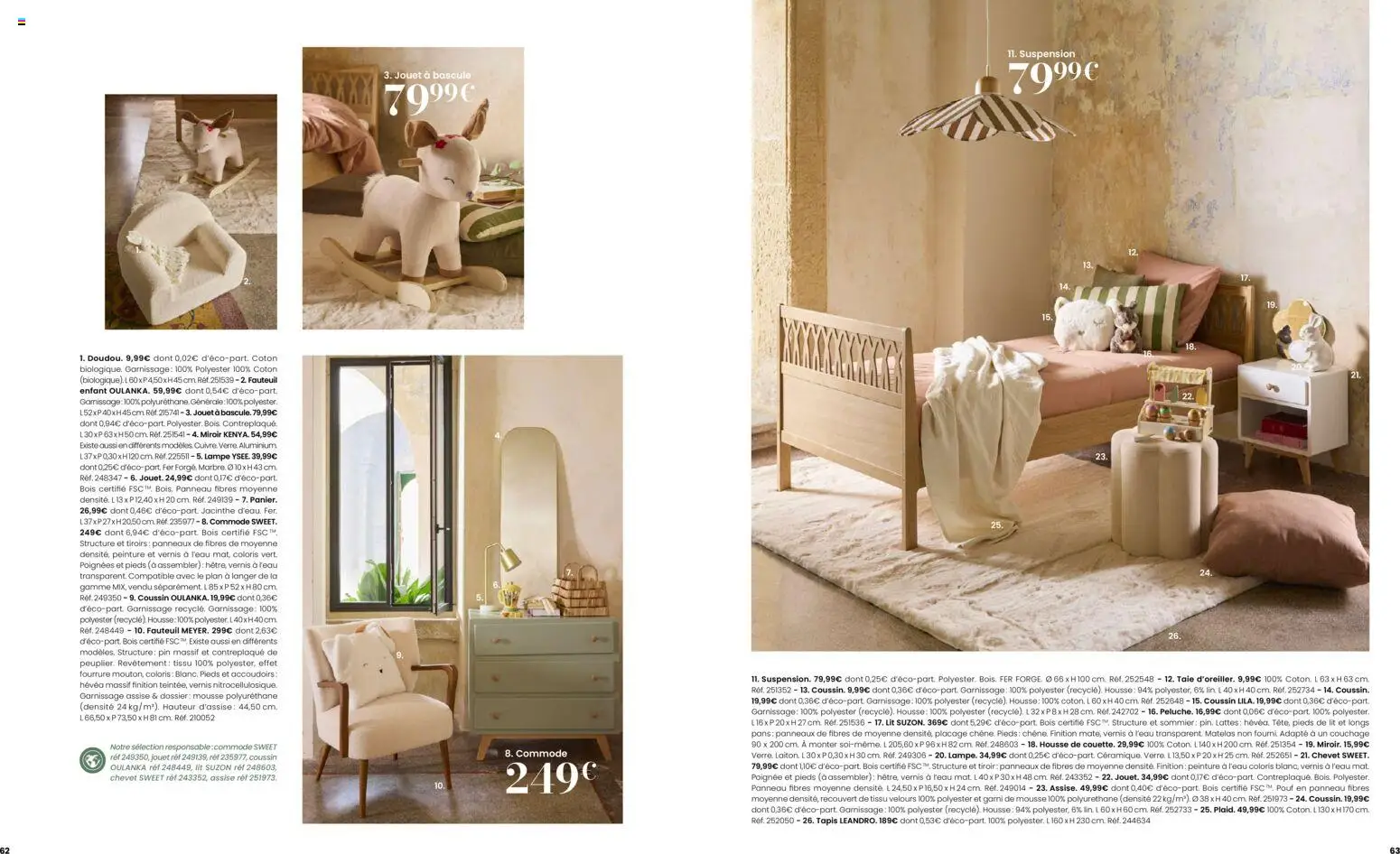 {H1} | Page: 32 | Produits: Mousse, Sommier, Miroir, Lampe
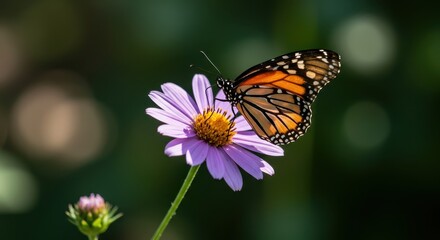 Close up macro shot of a beautiful orange and black monarch butterfly resting gently on a bright purple summer flower in a sunny garden environment ,delicate ,wild ,plant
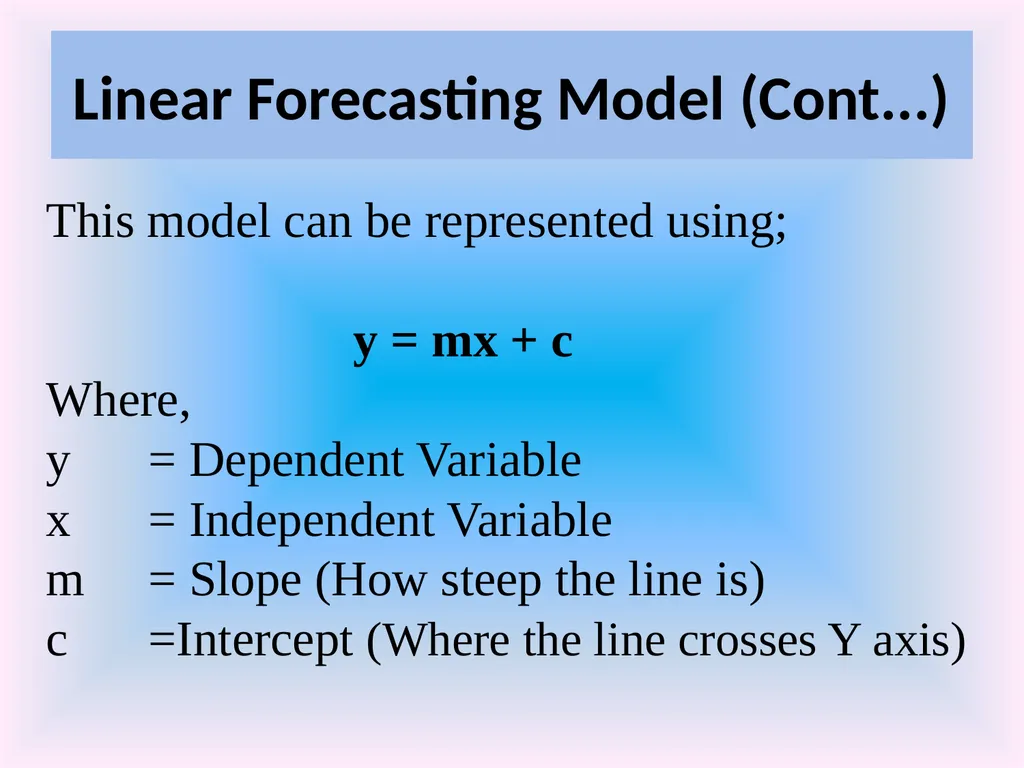 Numeracy and Data Analysis Forecasting Forecasting - slide 10 of 23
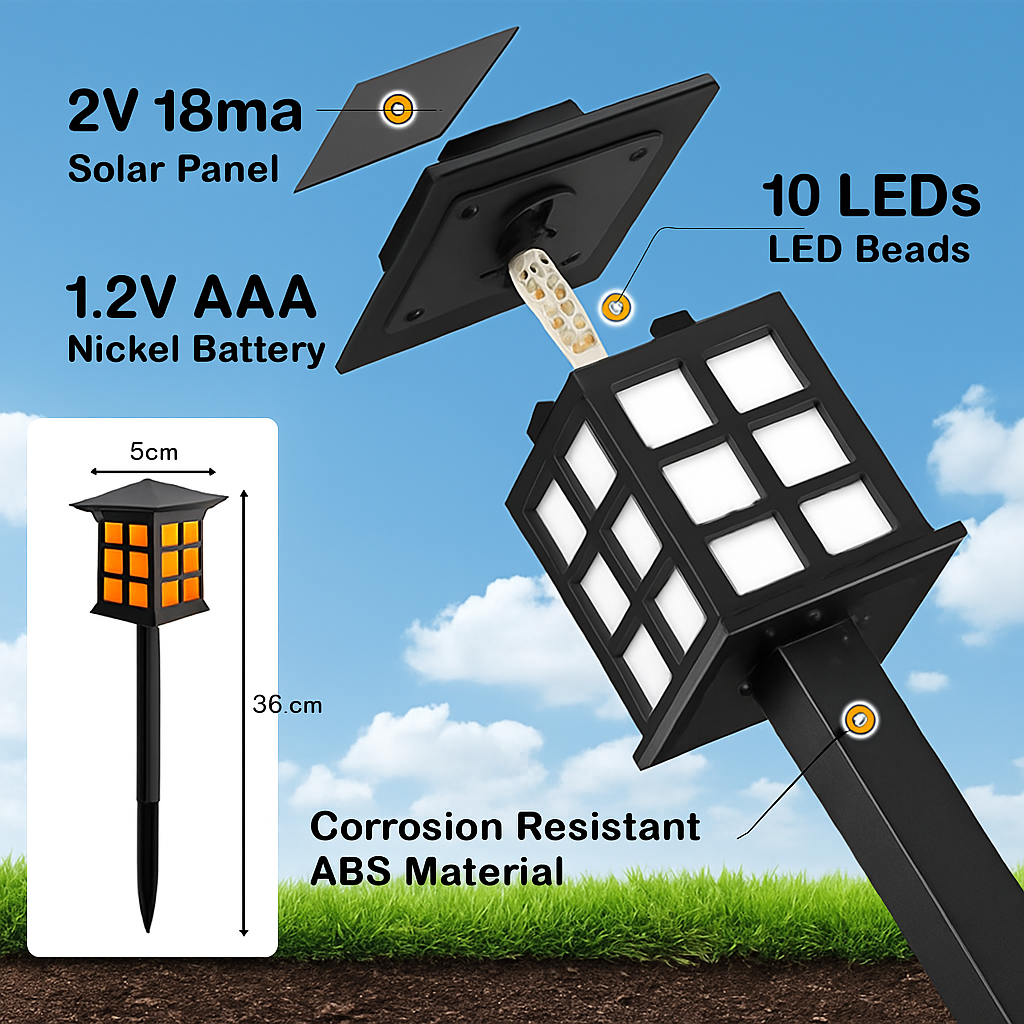 lot de lampes torches solaires décoratives pour jardin extérieur - vue 6 sur 8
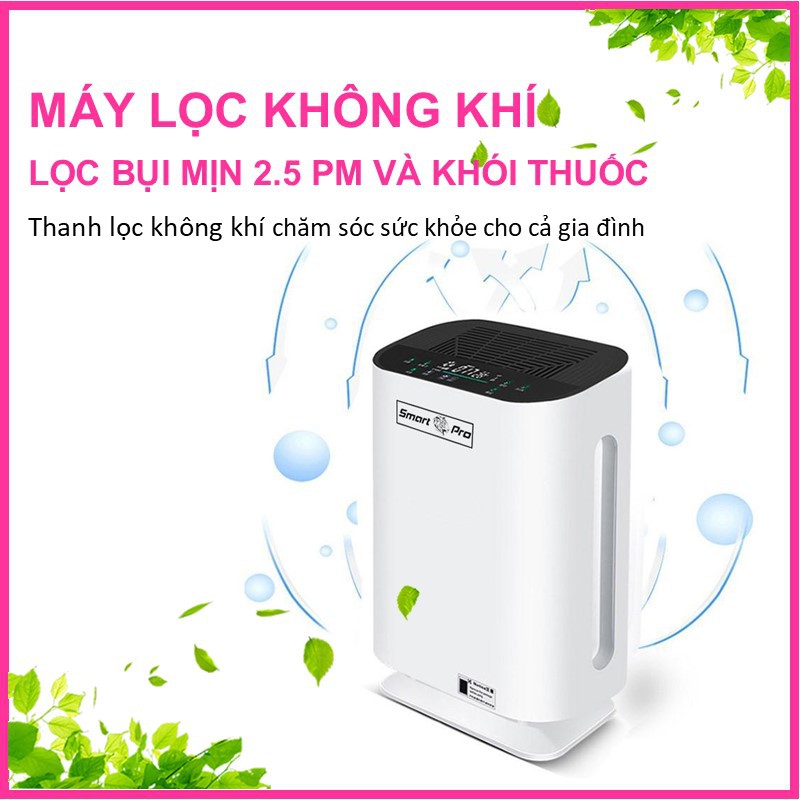 ( Có Clip Video ) Máy lọc không khí chống bụi mịn 2.5pm SmartPro màn hình cảm ứng, có đồng hồ đo chỉ số ô nhiễm AQI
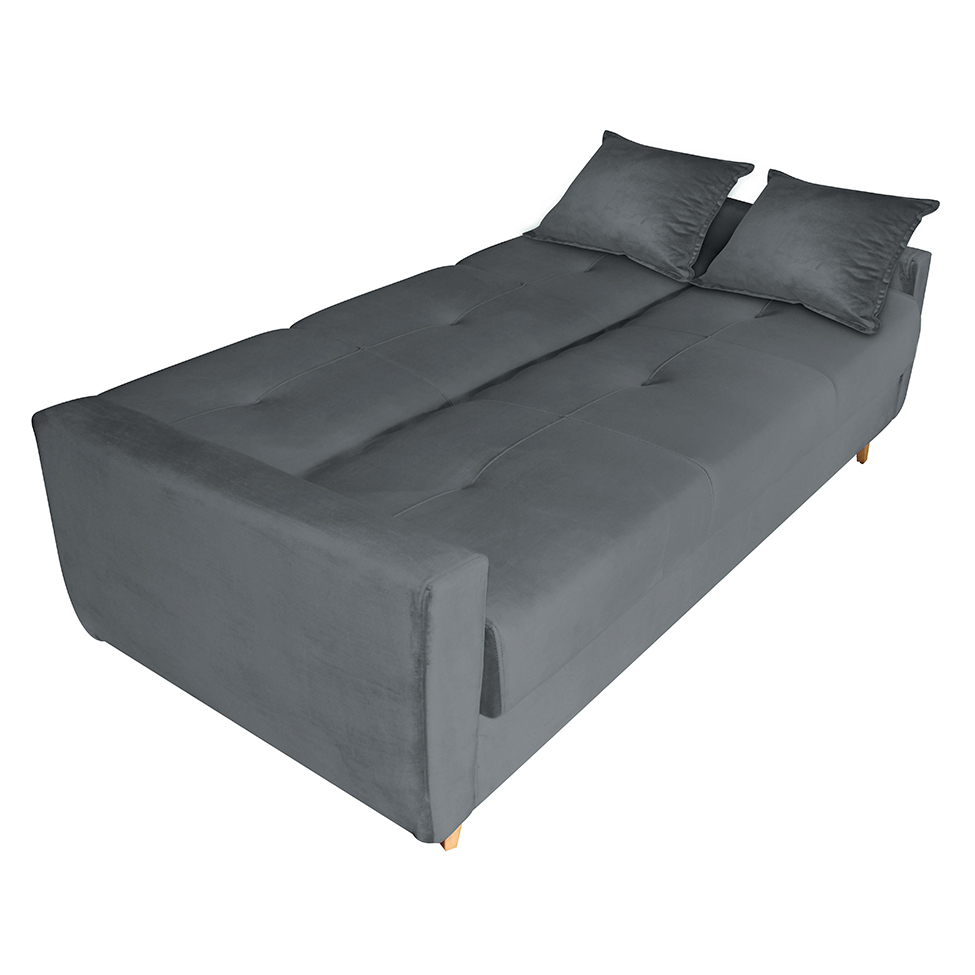 Sofá-Cama 3 Lugares com Baú Pamela Veludo Chumbo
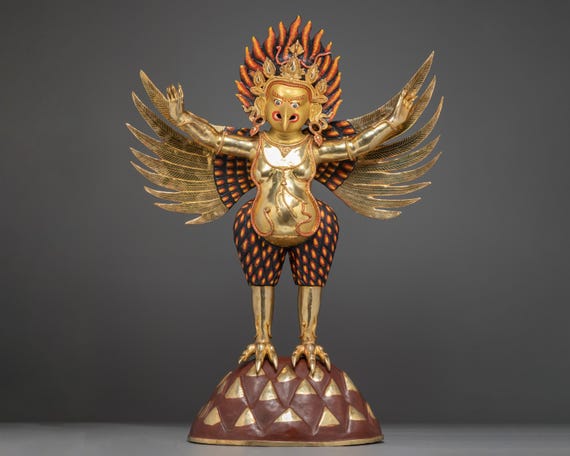 新品 銅 鍍金 1点物 鍍金 ガルーダ（迦楼羅／金翅鳥）尊像 不死鳥 仏教神ガルーダ像｜神話の鳥の彫刻｜ご自宅の装飾や神聖な場所に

::::::

◆ Problem statement
No pictures should appear in the answer, which is to be the lines from the line with "Numeracy and Data" through the end of the records above, restated exactly.

◆ Your solution
 Numeracy and Data Analysis Forecasting Forecasting - slide 10 of 23
 lot de lampes torches solaires décoratives pour jardin extérieur - vue 6 sur 8
 ( Có Clip Video ) Máy lọc không khí chống bụi mịn 2.5pm SmartPro màn hình cảm ứng, có đồng hồ đo chỉ số ô nhiễm AQI
 Sofá-Cama 3 Lugares com Baú Pamela Veludo Chumbo
 新品 銅 鍍金 1点物 鍍金 ガルーダ（迦楼羅／金翅鳥）尊像 不死鳥 仏教神ガルーダ像｜神話の鳥の彫刻｜ご自宅の装飾や神聖な場所に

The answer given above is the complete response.